■ **Exercise**
The material below holds pictures, which are to be left out; copy exactly the lines from the one with "Copine 8 antibody, 20097-1-AP, Proteintech" through the one with "ASH2L / ASH2".

■ **Input material**
BEGIN
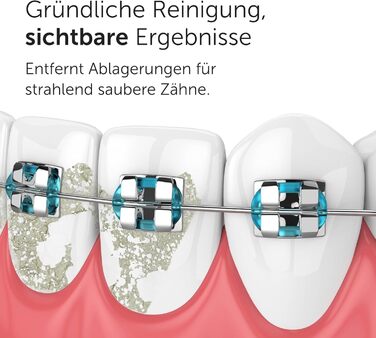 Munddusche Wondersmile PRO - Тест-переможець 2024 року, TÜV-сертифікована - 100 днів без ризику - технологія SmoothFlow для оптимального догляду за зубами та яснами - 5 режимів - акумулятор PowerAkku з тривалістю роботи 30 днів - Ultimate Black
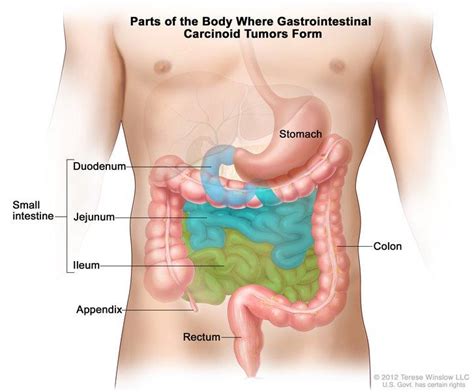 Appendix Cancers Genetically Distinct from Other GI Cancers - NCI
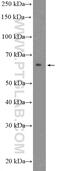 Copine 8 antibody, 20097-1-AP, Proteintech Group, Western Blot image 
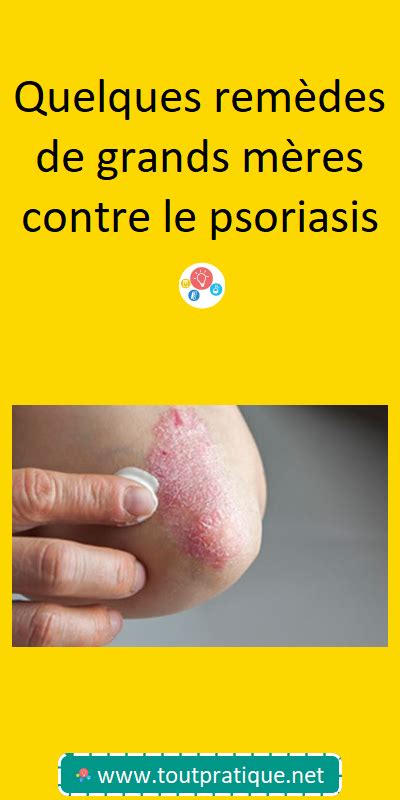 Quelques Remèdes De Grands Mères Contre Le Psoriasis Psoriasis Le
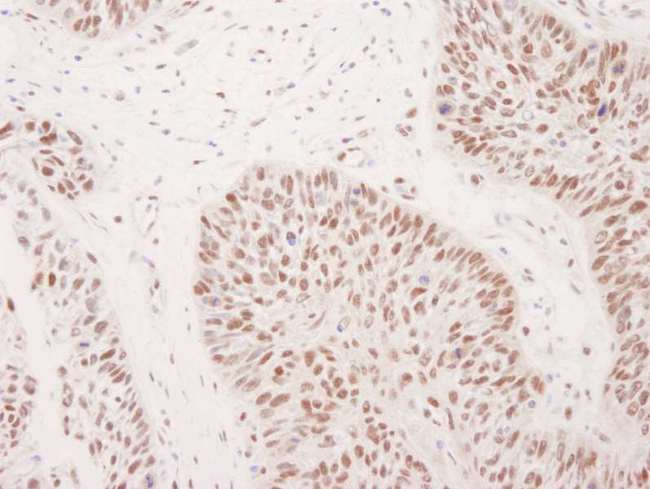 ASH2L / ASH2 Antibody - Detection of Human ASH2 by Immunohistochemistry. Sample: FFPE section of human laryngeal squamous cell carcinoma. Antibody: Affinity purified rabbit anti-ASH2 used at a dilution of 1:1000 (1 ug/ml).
END
BEGIN
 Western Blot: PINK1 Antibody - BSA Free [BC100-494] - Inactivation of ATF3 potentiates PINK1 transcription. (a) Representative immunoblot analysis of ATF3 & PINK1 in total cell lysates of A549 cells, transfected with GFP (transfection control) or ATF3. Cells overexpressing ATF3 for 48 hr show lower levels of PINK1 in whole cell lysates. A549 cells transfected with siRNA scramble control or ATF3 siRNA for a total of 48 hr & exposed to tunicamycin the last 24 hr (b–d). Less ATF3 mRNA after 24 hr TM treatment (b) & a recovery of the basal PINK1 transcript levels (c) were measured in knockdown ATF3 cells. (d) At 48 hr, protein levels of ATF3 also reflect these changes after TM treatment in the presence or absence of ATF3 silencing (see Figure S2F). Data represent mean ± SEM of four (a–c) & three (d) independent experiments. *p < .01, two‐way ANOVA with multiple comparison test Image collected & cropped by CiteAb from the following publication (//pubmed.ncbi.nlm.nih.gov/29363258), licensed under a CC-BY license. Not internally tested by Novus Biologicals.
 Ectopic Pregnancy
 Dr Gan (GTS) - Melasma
END
■ **Output of the exercise**
 Copine 8 antibody, 20097-1-AP, Proteintech Group, Western Blot image 
 Quelques Remèdes De Grands Mères Contre Le Psoriasis Psoriasis Le
 ASH2L / ASH2 Antibody - Detection of Human ASH2 by Immunohistochemistry. Sample: FFPE section of human laryngeal squamous cell carcinoma. Antibody: Affinity purified rabbit anti-ASH2 used at a dilution of 1:1000 (1 ug/ml).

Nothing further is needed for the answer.